* Work request
All of the data that follows should be retyped exactly as it appears.

* Input data
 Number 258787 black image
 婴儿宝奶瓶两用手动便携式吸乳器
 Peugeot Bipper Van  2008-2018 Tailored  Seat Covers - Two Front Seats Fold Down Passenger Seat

* Answer for this exercise
 Number 258787 black image
 婴儿宝奶瓶两用手动便携式吸乳器
 Peugeot Bipper Van  2008-2018 Tailored  Seat Covers - Two Front Seats Fold Down Passenger Seat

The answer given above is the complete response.